Outstanding Production Design in an Animated Feature Production
Ralph Eggleston (Inside Out)

Outstanding Animated Effects in an Animated Production
Michael Hall, Stephen Marshall, Michael K. O'Brien, Jon Reisch and Magnus Wrenninge (The Good Dinosaur)

Outstanding Animated Effects in a Live Action Production
Florent Andorra, Michael Balog, George Kaltenbrunner and Jim van Allen (Avengers: Age of Ultron)

Outstanding Music in an Animated Feature Production
Michael Giacchino (Inside Out)

Outstanding Character Animation in an Animated Production
Allison Rutland (Inside Out)

Outstanding Character Animation in a Live Action Production
Kevin Lan, Adrian Millington, Alexander Poei, Matthew Shumway and Blaine Toderian - 'Judy' (The Revenant)

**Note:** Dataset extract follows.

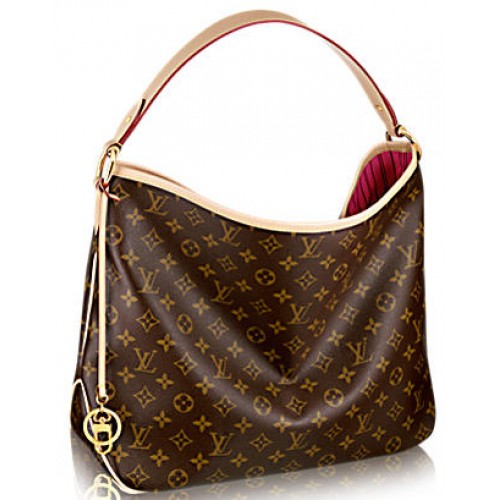 Louis Vuitton Monogram Canvas DELIGHTFUL MM M50157 Pivoine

Outstanding Character Design in an Animated Feature Production
Albert Lozano and Chris Sasaki (Inside Out)

Best Animated Feature - Independent
The Boy and the World

Best Student Film
Ed (Taya Neyestani)

Best Animated Short Subject
World of Tomorrow (Don Hertzfeldt)

Best Animated Special Production
He Named Me Malala

Friday, 20 November 2015

REVIEW - WORLD OF TOMORROW (DON HERTZFELDT)

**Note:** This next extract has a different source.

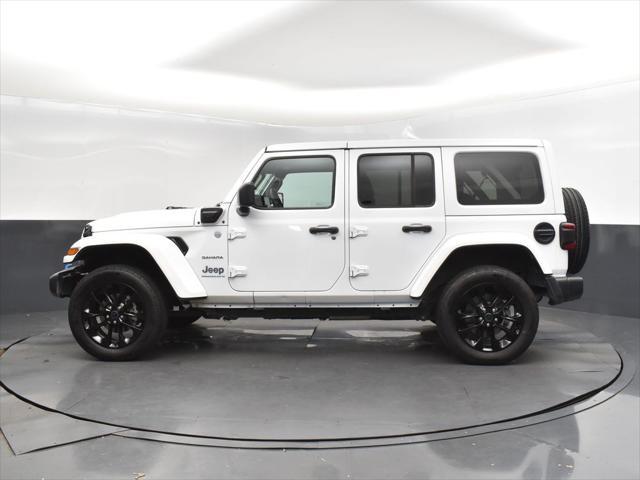 used 2024 Jeep Wrangler 4xe car, priced at $37,000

Don Hertzfeldt's World of Tomorrow is our world of today. Humanity has a remarkable knack for destruction, why imagine our clones would be any different? This is where the Western World is leading us, an immersion into a technological realm over which we imagine, naively, we harbour control. World of Tomorrow is Hertzfeldt's imagination, or at least some marvellous, minuscule fragment of it - just glance at this great filmmaker's other output and you'll find this film not to be the grand unleashing of an artist's invention, rather the intricately-formed details therein. A great filmmaker, since he is so generous: World of Tomorrow is hilarious, terrifying, intellectually challenging, heartbreaking, baffling, all in turn and together, like a miniature symphony of emotion filtered through the absurd and the unfamiliar. We're presented with a world in which we are the playthings, where technological advancements have overtaken our pitiful capacities as intelligent entities - it is the reverse of what we think we know, and the absence of clarity and security is unnerving, not least in that it so succinctly highlights the value of such qualities. In our opposite, we observe that which we are not, and thus that which we are; opposite sides on a coin, but it's still the same coin. Tomorrow is not today, but it's still the same dimension, shuttled back and forth in an unreliable time machine from World of Tomorrow to the world of today. From your digital screen to your actual life. Prescient and profound, and appropriately unforgettable.